Taken together, our study shows that a continuous, CD4 T-cell mediated immune clearance of pre-malignant senescent cells is crucial to suppress liver cancer development. Conversely, an impaired immune clearance of premalignant senescent hepatocytes was shown to result in the development of liver carcinomas. Our study suggests that a small subfraction of senescent hepatocytes can escape their cell cycle arrest if there is no immune clearance of these cells. However, a direct demonstration of this senescence escape remains subject for future studies.

Finally we also addressed whether there is evidence for immune surveillance of senescent hepatocytes in humans. For this purpose, we quantified the numbers of senescent hepatocytes in patients under immunosuppressive therapy (due to organ transplantation) or in patients with HIV infection, both conditions that impact CD4 T-cell function. Increased numbers of senescent hepatocytes were found in both cohorts, thus supporting that immune surveillance of senescent cells also occurs in humans.

There has been a long scientific debate regarding the significance of a T-cell dependent immune surveillance mechanism of pre-cancerous cells (reviewed in ref. 4). For example, an elegant recent study showed that spontaneous intrahepatic activation of the Simian virus 40 (SV40) large T antigen did not result in efficient immune responses against these hepatocytes but rather resulted in the growth of liver carcinomas and tumor-specific T cells were found to produce TGFβ rather than IFNγ. Our data may help to resolve some of the controversy, as it suggests that the induction of a specific immune response against pre-cancerous cells is dependent on an intact cellular senescence response. Therefore, immune surveillance against pre-cancerous cells may occur if the senescence program is engaged after the occurrence of an oncogenic event. However, if the induction of the cellular senescence program is affected, e.g., due to impaired p53 function or reduced levels of p14Arf (p19Arf in mice), a specific immune response against such tumor prone cells may not occur. The fact that SV40 is known to disable senescence induction may explain the lack of immune surveillance of SV40 expressing hepatocytes in the study by Blankenstein and colleagues.

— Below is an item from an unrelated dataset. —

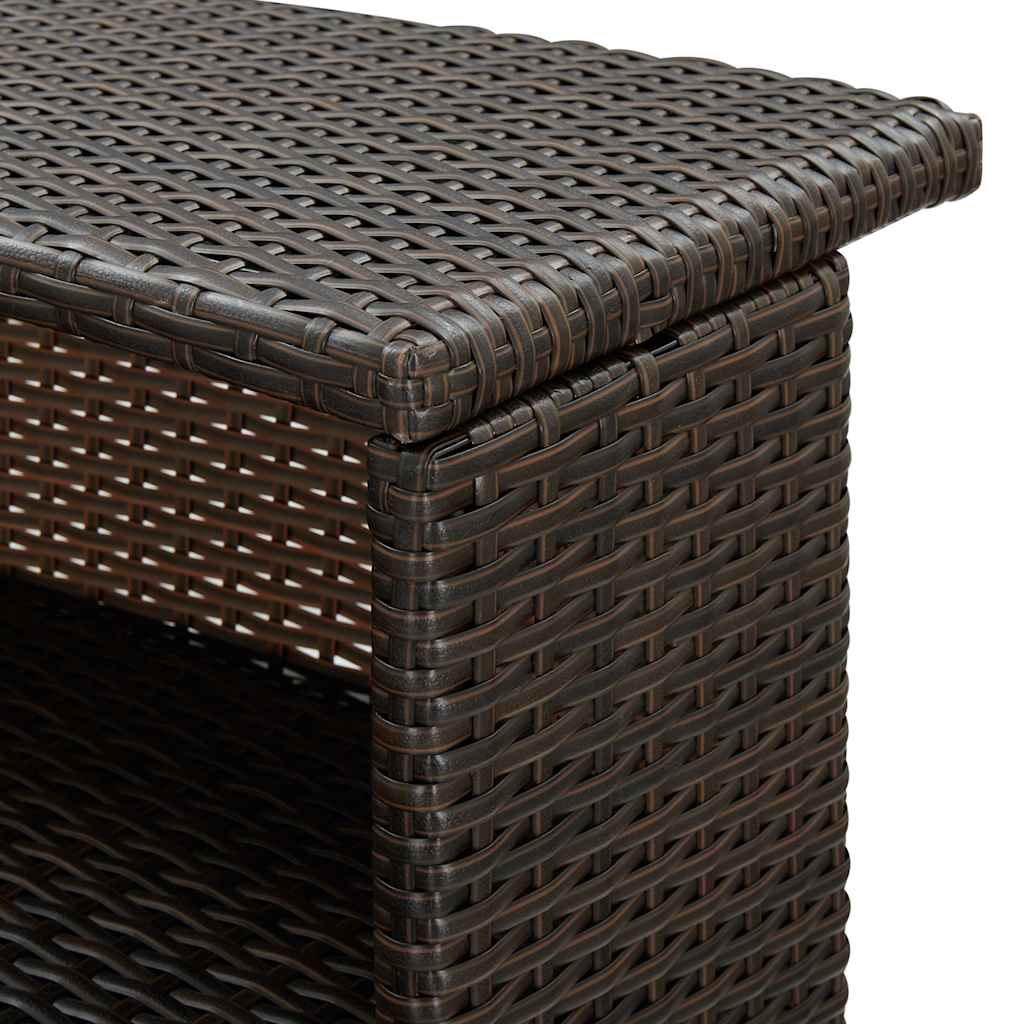 vidaXL Τραπέζι Μπαρ Κήπου Καφέ 120 x 55 x 110 εκ. από Συνθετικό Ρατάν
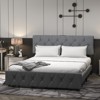 GAOMON Full Size Bed Frame with Headboard and Type-C&USB Ports,Adjustable Linen Upholstered Platform with Wooden Slats Support,No Box Spring Needed - 2 of 4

Future studies are needed to characterize whether immune surveillance of pre-cancerous senescent cells also occurs in other organs. Also, a deeper characterization of the underlying mechanisms of senescence surveillance, especially the individual contribution of involved cyto- and chemokines secreted from senescent cells is needed. Such studies may pave the way to eventually harness this process for cancer prevention and therapy.